Não me lembro quando a conheci. Mas sei que ela sempre esteve comigo. No ventre de minha mãe, ao lado do meu carrinho de bebê, no colo de meu pai enquanto ouvíamos música.
Antes de sentir as letras sempre senti seu perfume em minha casa.
Quando aprendi a andar, correr e brincar, conheci então sua casa de perto.
Não sabia que a fada que embalava meu sono e me ajudava a dormir morava lá, no castelo da sala de estar, e bem no meio dele...
Aprendi as letras, e assim descobri seu nome, e como já sabia seu endereço a procurei sem saber. Tinha certeza que algo colorido e feliz ela guardava para mim.
Pequena, subi no banco e alcancei sua morada, a janela da estante que guardava Clarice.
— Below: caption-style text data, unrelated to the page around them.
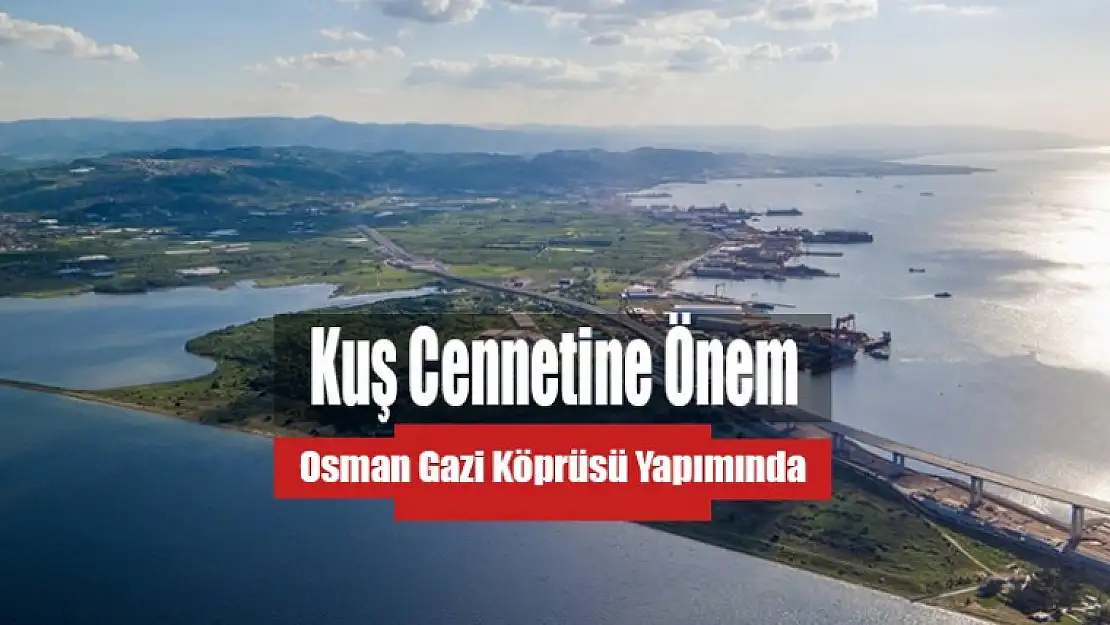 Köprü Yapımında Kuş Cennetine Önem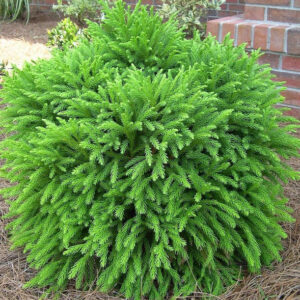 Cryptomeria japonica ‚Globosa Nana‘ als dichter, kugeliger Zwergstrauch im Beet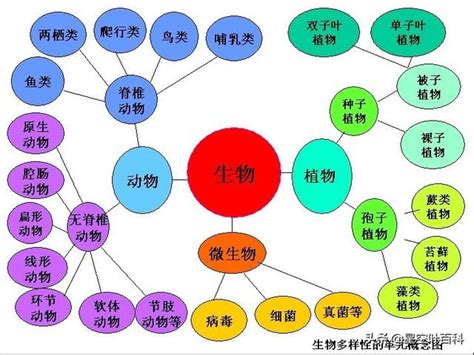 界門綱目科屬種口訣|界門綱目科屬種:分類系統,兩界,三界,四界,五界,兩總界。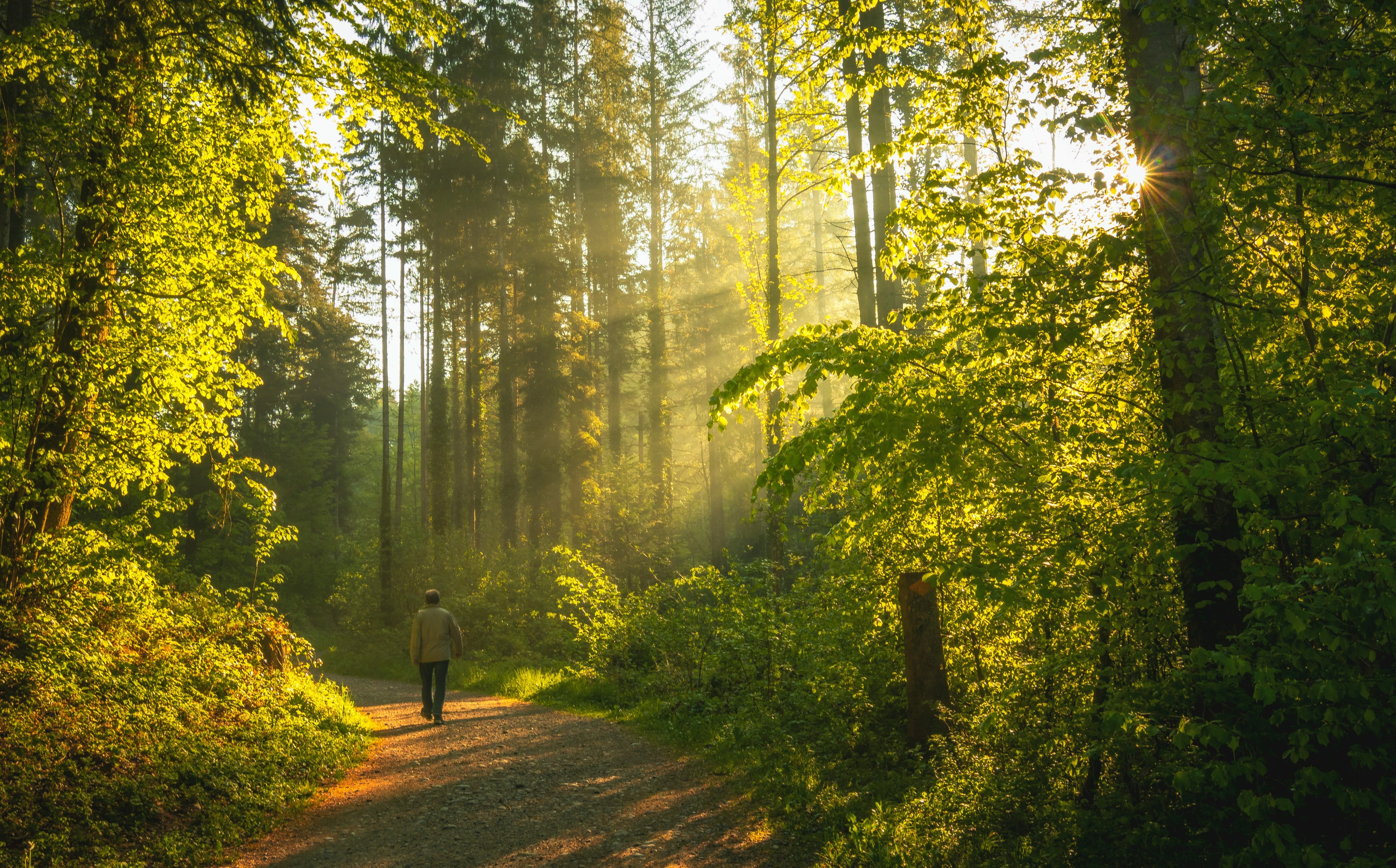 forestwalk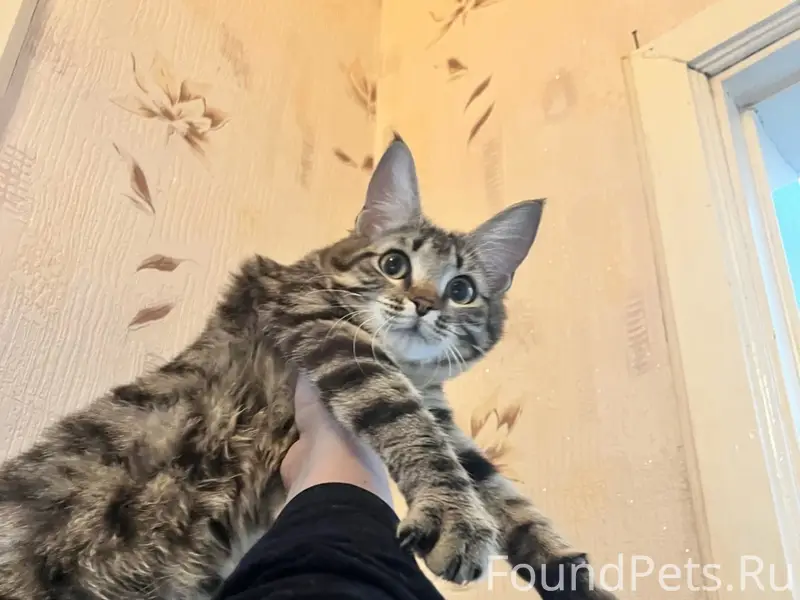 Найдена молодая кошка, Октябрьская революция 15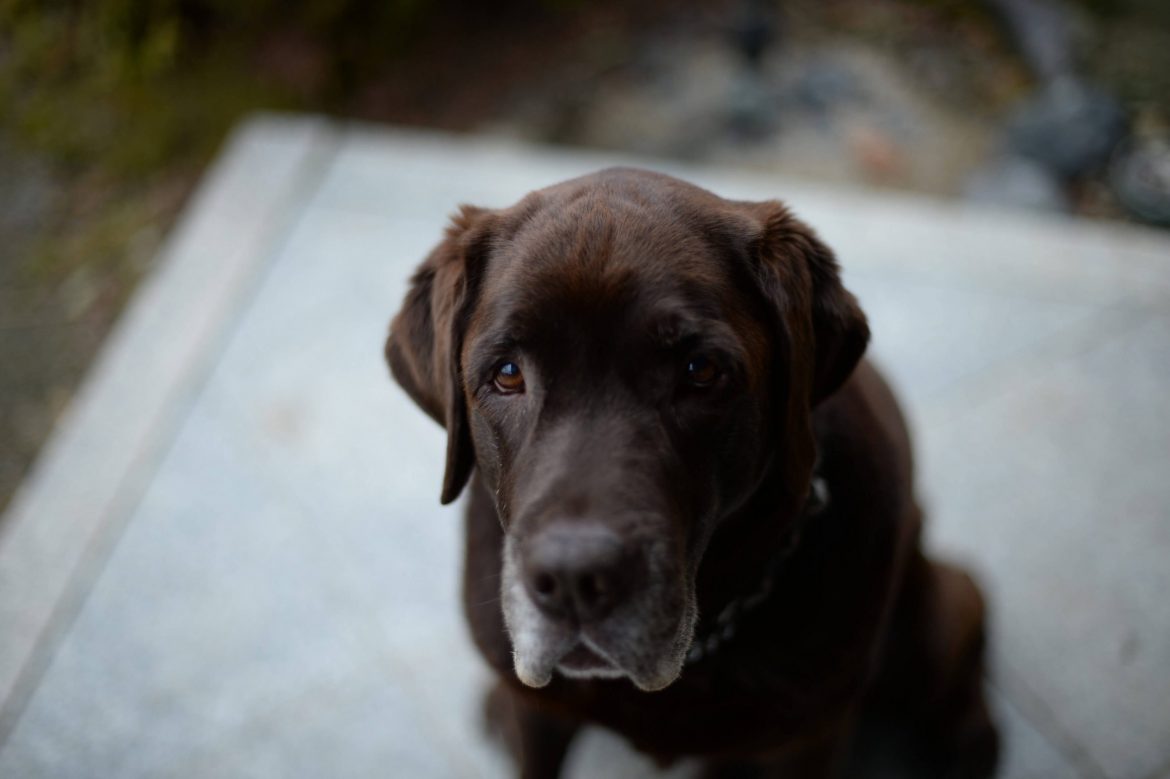 Labrador Mixed Breed: Temperament, Upbringing, and Health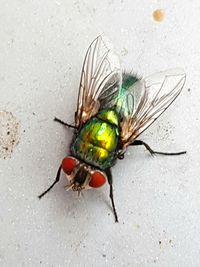 Close-up of fly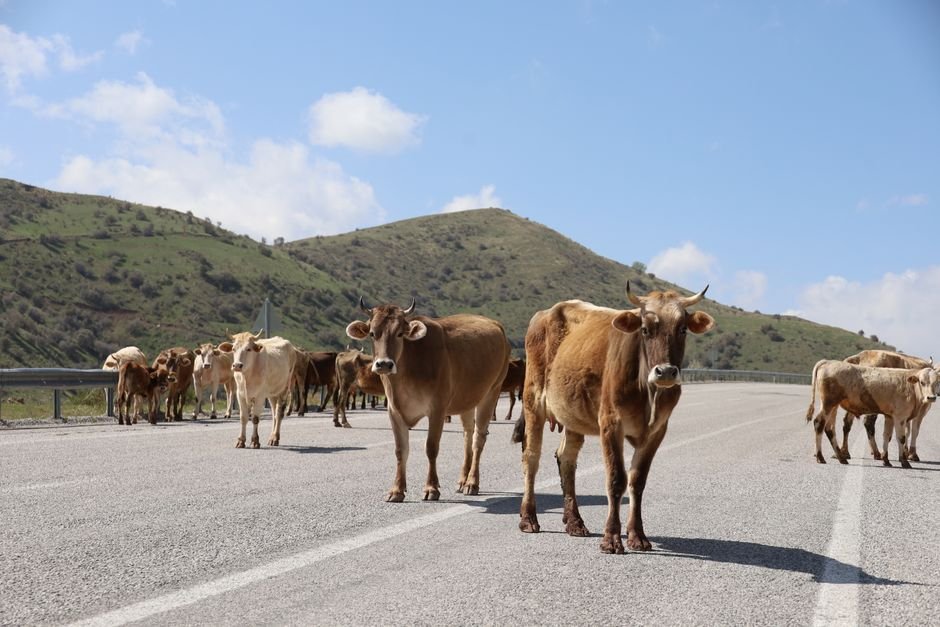US Resumes Mexican Cattle Imports in August Amid High Beef Prices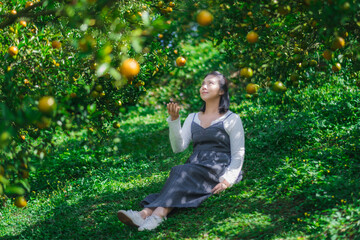 Happy smiling young girl in summer hat at summer day in the orange garden and smelling an orange in her hand in Chiang Mai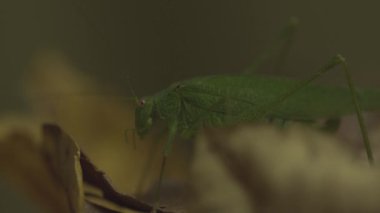 Yaprağın üzerinde oturan yeşil çekirge. Yakın plan.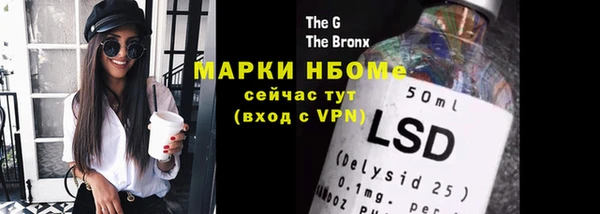 крисы Алзамай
E ela, amiga querida, não disse o que o mundo então dizia: “É muito cedo para estes livros”.
Não! Ela tinha livros para mim! Coloridos, engraçados, com coelhos e galinhas. Mas coisas tristes e humanas também. Em nosso mundo, as mulheres já matavam os peixes.
Minha amiga nunca me iludiu.
E assim foi. E assim é. Procuro Clarice desde pequena para que me ajude a compreender a vida, ou ao menos a aceitar seu lindo descabimento.
Passeamos de mão juntas fazendo a Descoberta do mundo, e dalí em diante ela me deixou como quem diz: “Vai e escolhe teu nome, e eu sempre estarei lá.”
E assim segui a navegação.
Na Água viva de Clarice descobri Um sopro de vida entre Belas e feras Para não esquecer minha Via crucis do corpo.
Mais tarde, De corpo inteiro, voltei a Aprendizagem, ou O livro dos prazeres até encontrar minha Hora da Estrela outra vez.
E hoje, talvez mais Perto do coração selvagem, eu já saiba, como diria minha amiga, que: “Meu nome é EU”.
Saudades Clarice, que falta você me faz, quando te procuro na estante e alguém te levou de lá, mas sei que tu retornas e sempre voltarás, pois é meu coração, e não a academia, o lugar dos imortais.